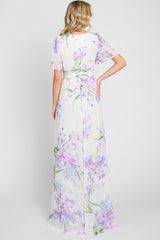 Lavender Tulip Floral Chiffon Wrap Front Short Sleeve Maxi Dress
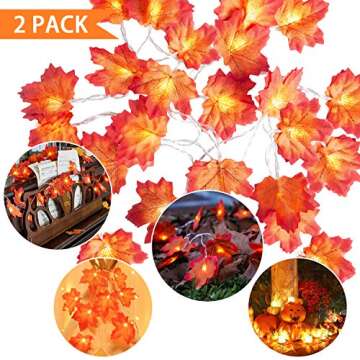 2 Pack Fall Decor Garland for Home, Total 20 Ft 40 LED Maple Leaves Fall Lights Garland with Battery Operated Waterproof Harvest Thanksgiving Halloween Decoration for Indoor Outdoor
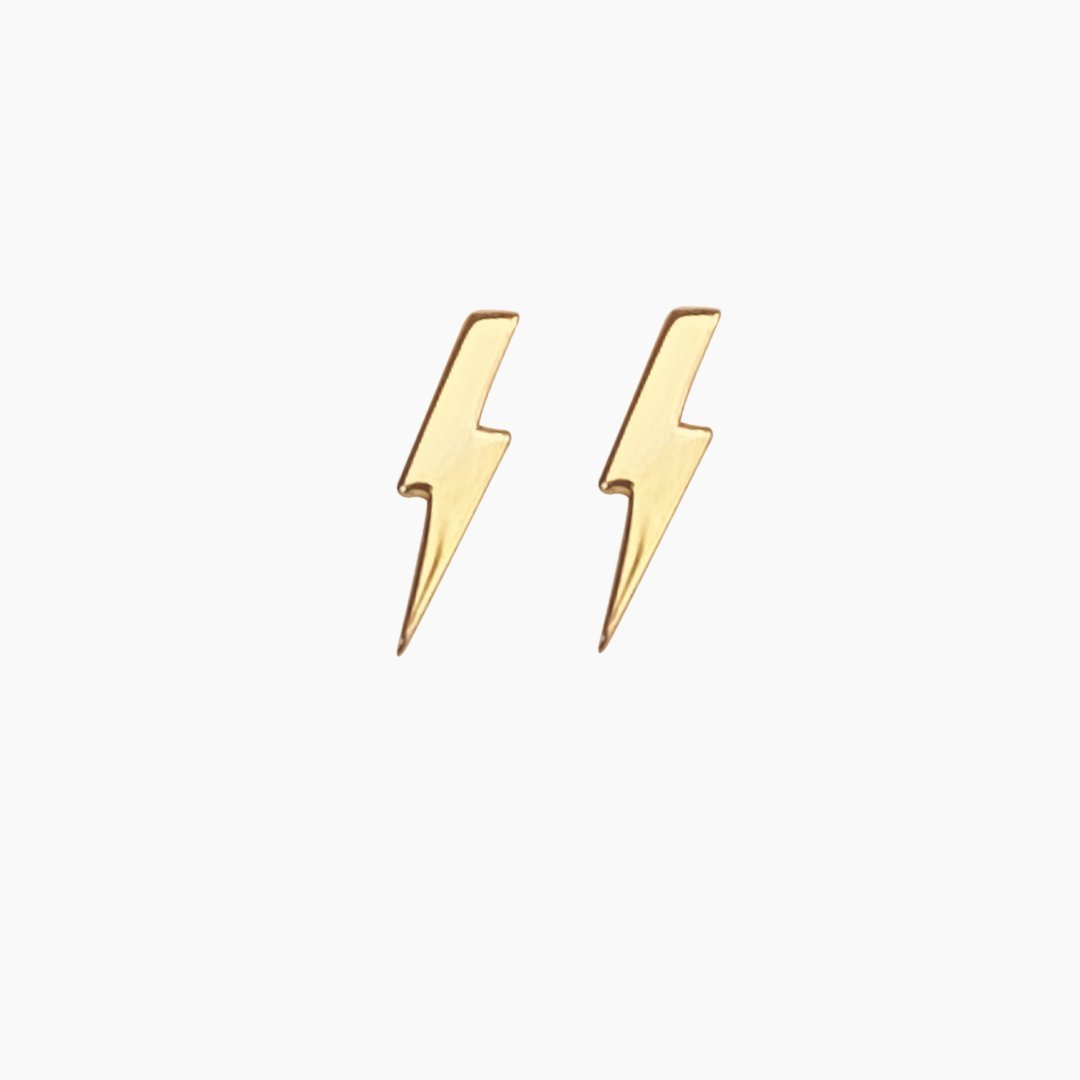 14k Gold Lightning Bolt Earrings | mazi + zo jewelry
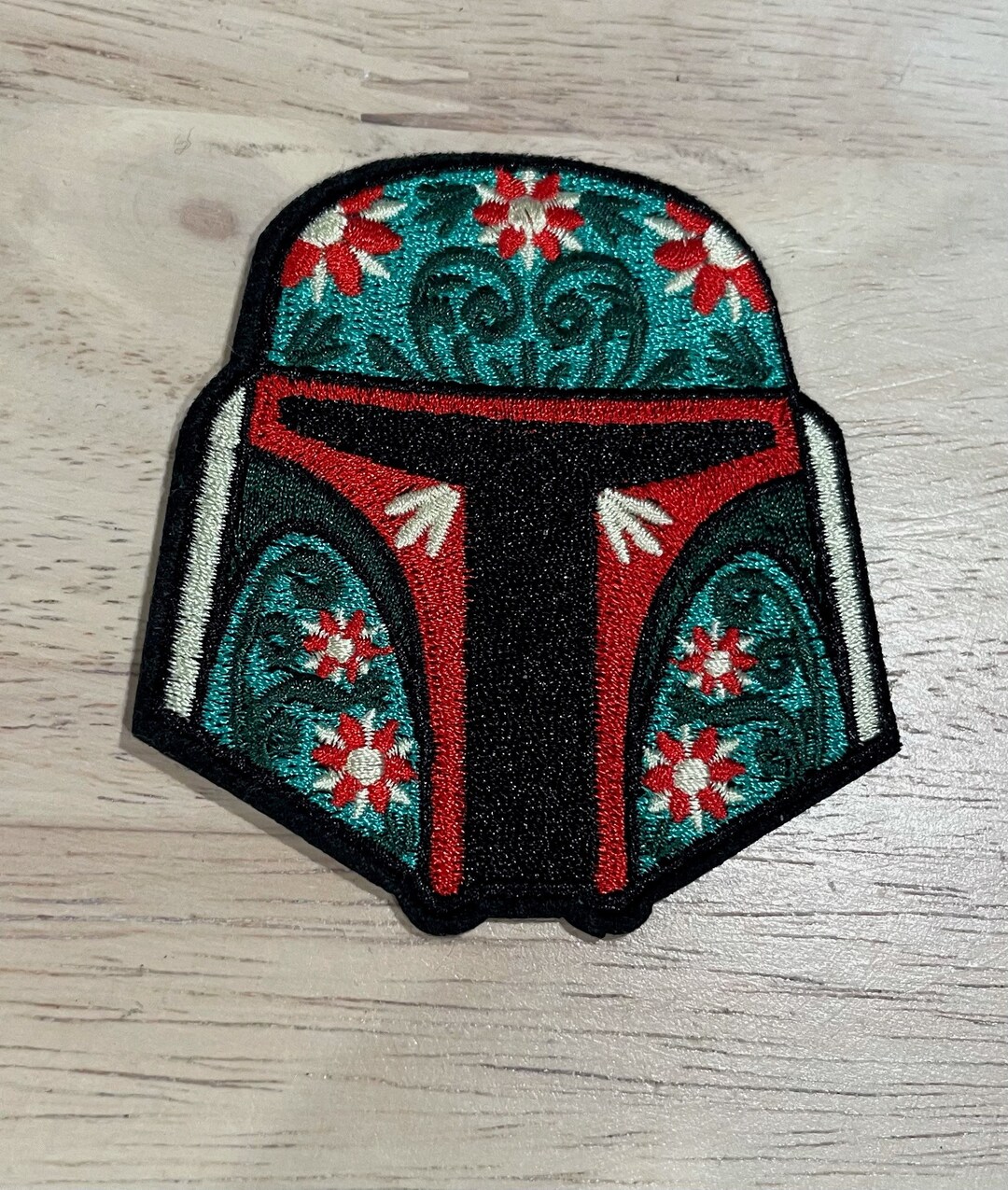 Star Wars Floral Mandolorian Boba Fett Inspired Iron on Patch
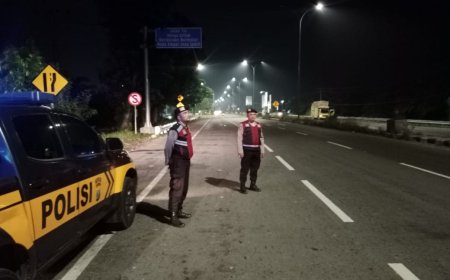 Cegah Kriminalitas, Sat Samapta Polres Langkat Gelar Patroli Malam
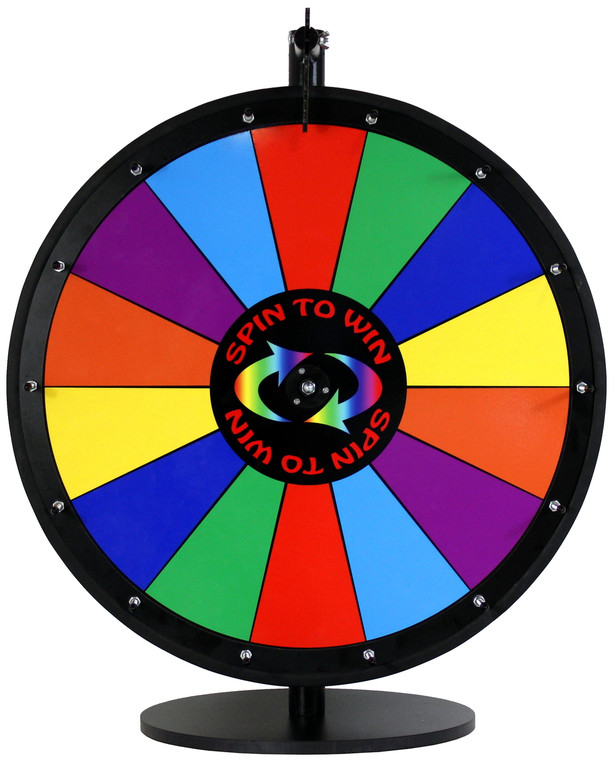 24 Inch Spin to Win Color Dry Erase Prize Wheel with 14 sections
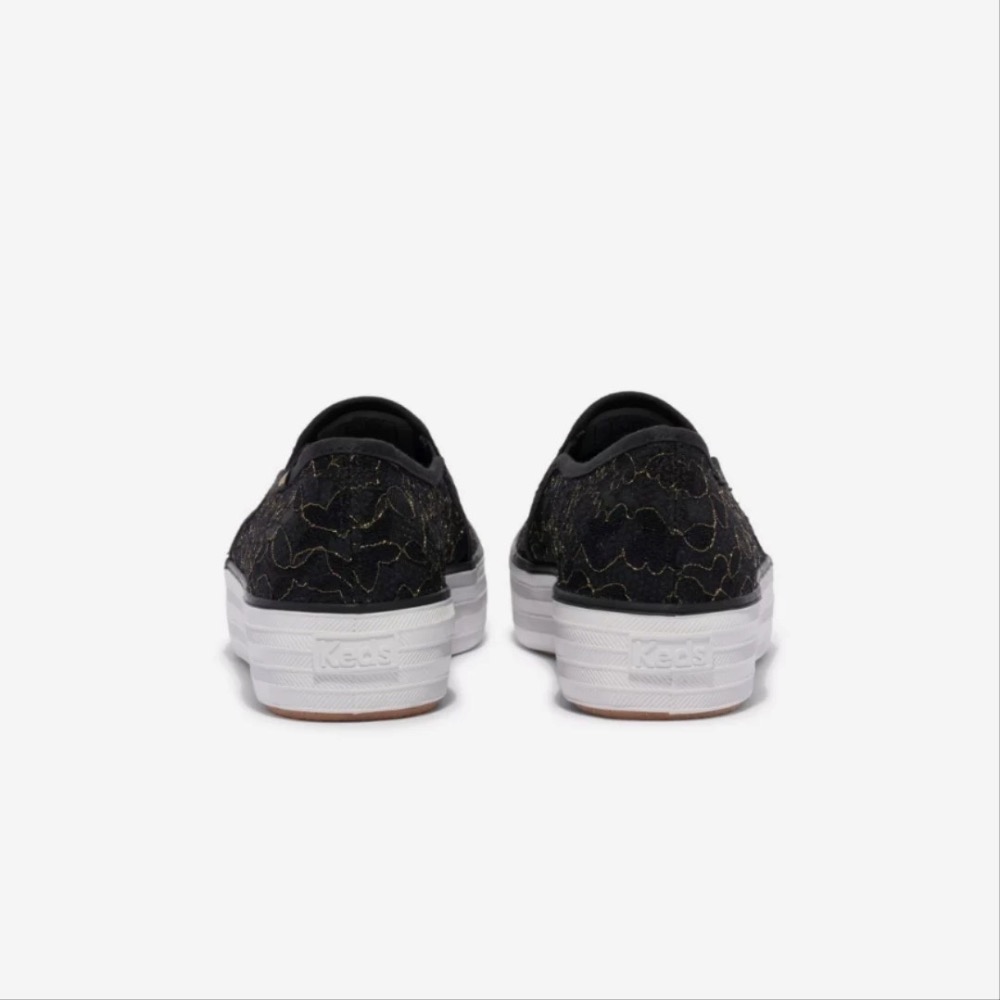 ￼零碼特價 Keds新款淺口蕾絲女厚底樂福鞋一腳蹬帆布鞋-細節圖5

· · · · ·

◆ **WORK TO COMPLETE**: Without any pictures, restate word for word only the lines from the one with "24 Inch Spin" through the end of the listing.

◆ **OUTPUT OF THE EXERCISE**:
 24 Inch Spin to Win Color Dry Erase Prize Wheel with 14 sections
 零碼特價 Keds新款淺口蕾絲女厚底樂福鞋一腳蹬帆布鞋-細節圖5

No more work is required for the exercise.